When we first heard the diagnosis, it felt like our world collapsed around us.

The histopathology report following the biopsy read as follows:

Pilocytic astrocytoma (WHO grade 1), with a BRAF V600E mutation

Turning to the medical literature, we found:

Pilocytic astrocytoma (PA) is a slowly growing, low-grade brain tumor (pediatric low-grade glioma – pLGG) that arises from astrocytes, the supportive cells of the nervous system. It occurs most commonly in children and young adults.

At first, it brought some relief and something to hold onto that, according to WHO classification, pilocytic astrocytoma is a grade I glioma, which in many cases is treatable.

However, looking back now, life has not confirmed that “treatability” for Bertold. Several factors make effective treatment harder in his case:

-> his very young age ( years),

-> the tumor’s midline location,

-> its extension into multiple brain regions,

-> and the specific genetic mutation (BRAF V600E).

In Bertold’s case, the disease is driven by a defect in the BRAF gene , which causes the tumor cells to divide without control.

The BRAF gene is involved in regulating the MAPK signaling pathway, which controls cell growth and division. As a result of the mutation, the protein remains constantly active (“switched on” ), leading to uncontrolled cell proliferation.

Despite all our efforts, Bertold’s cells keep dividing relentlessly, and the tumor repeatedly forces its way back.

It is important to know that in most cases these genetic changes are not inherited but arise spontaneously during a child’s development. The exact cause is currently unknown. Likewise, the behavior and exact nature of the tumor cannot be predicted with certainty. In rare cases, the tumor may even mutate and become malignant.

Symptoms depend on the tumor’s precise location (cerebellum, optic pathway, hypothalamus/brainstem) and can be wide-ranging:

-> headaches,

-> hydrocephalus,

-> balance and motor disorders,

-> vomiting,

-> visual disturbances or vision loss,

-> epileptic seizures,

-> hormonal/endocrine disorders,

-> growth delay, developmental regression,

-> behavioral changes or cranial nerve damage.

Unfortunately, several of these have occurred in Bertold.

at six months old, his head circumference far exceeded the average and “rose above” the percentile curve,

his vision progressively narrowed, and his nystagmus worsened,

delays appeared in his cognitive development,

and from late 2024, epileptic seizures also appeared, making daily life even more difficult.
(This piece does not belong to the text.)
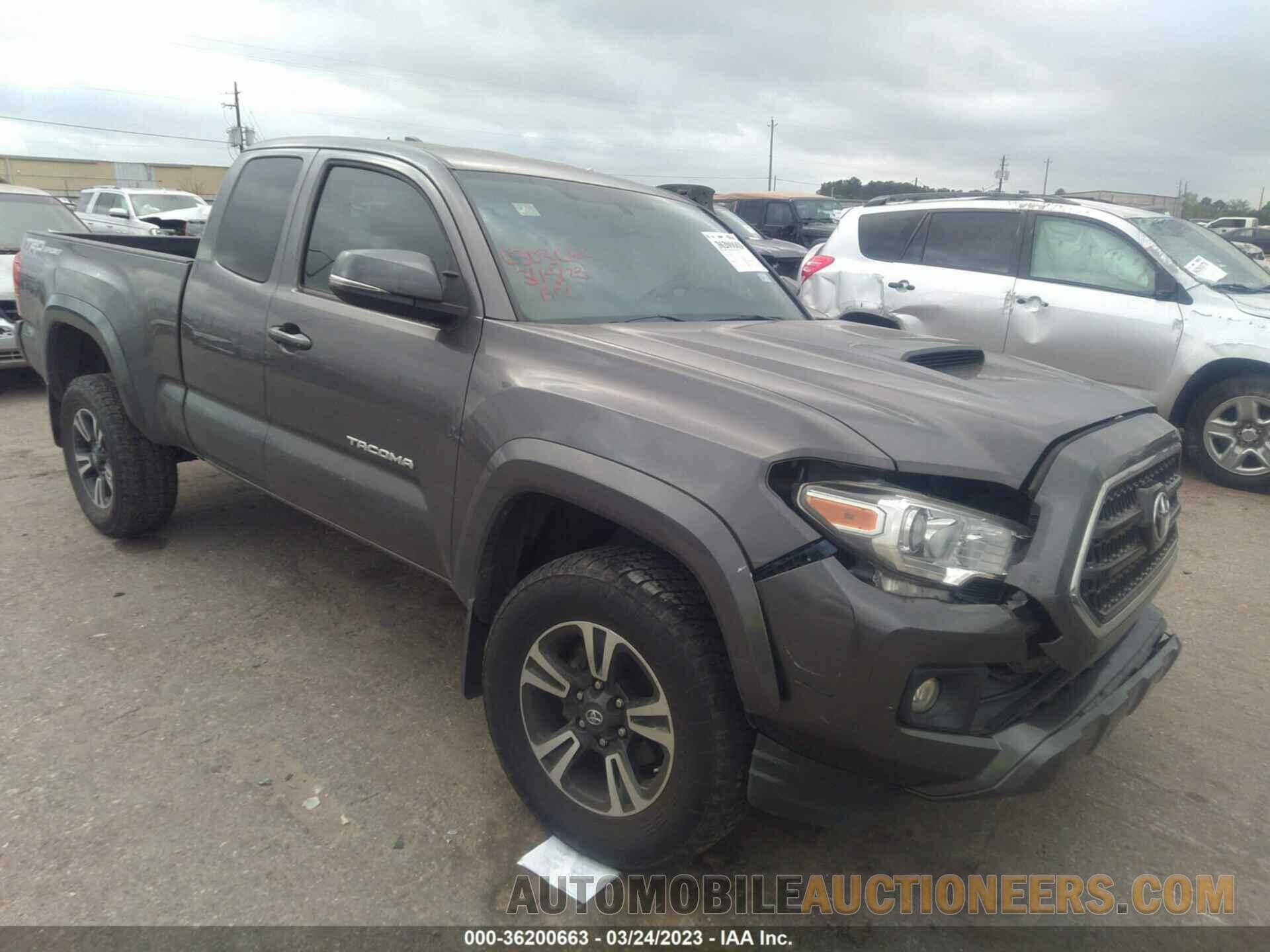 5TFRZ5CN7GX006316 TOYOTA TACOMA 2016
Despite all this, Bertold is incredibly strong. Compared to his peers, his development is slower, but following his own path, he fights day by day to move forward.
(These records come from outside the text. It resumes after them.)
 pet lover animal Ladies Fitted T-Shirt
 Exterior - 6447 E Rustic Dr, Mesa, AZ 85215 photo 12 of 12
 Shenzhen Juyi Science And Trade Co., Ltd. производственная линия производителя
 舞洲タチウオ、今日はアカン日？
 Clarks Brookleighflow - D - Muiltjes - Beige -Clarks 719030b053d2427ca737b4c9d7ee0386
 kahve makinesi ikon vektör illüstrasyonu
After receiving the diagnosis, we reviewed the possible treatment options, which may include:

Surgery: The first-line therapy, but not possible in Bertold’s case due to the tumor’s location.

Chemotherapy: It can be used, but is often only partially effective because the problem lies not with cell division itself but with its regulation. In Bertold’s case, it brought mixed results.

Targeted therapies (first-generation inhibitors): There are drugs that specifically target the BRAF V600E mutation. In addition, other agents are available that inhibit the MAPK pathway by different mechanisms—the so-called MEK inhibitors.

Bertold’s first treatment was a combination of a BRAF and a MEK inhibitor. Although the inhibitors initially brought improvement, later the tumor began to grow again despite their use.

Radiotherapy: Not recommended in very young children due to serious long-term side effects. (In Bertold’s case, proton therapy is also not an option because of the tumor’s size and location.)

The new hope : Tovorafenib

In parallel with starting chemotherapy, our attention turned to a new targeted therapy that appears more effective than those used so far—namely, Tovorafenib. This new, so-called second-generation inhibitor could significantly improve Bertold’s outlook: it may stop the tumor’s growth or even shrink it, reduce symptoms, and provide a better quality of life.

Tovorafenib is a broad-spectrum pan-RAF kinase inhibitor that is effective against BRAF fusions and mutations (e.g., V600E).

This treatment could give Bertold the chance to live the kind of life every child deserves.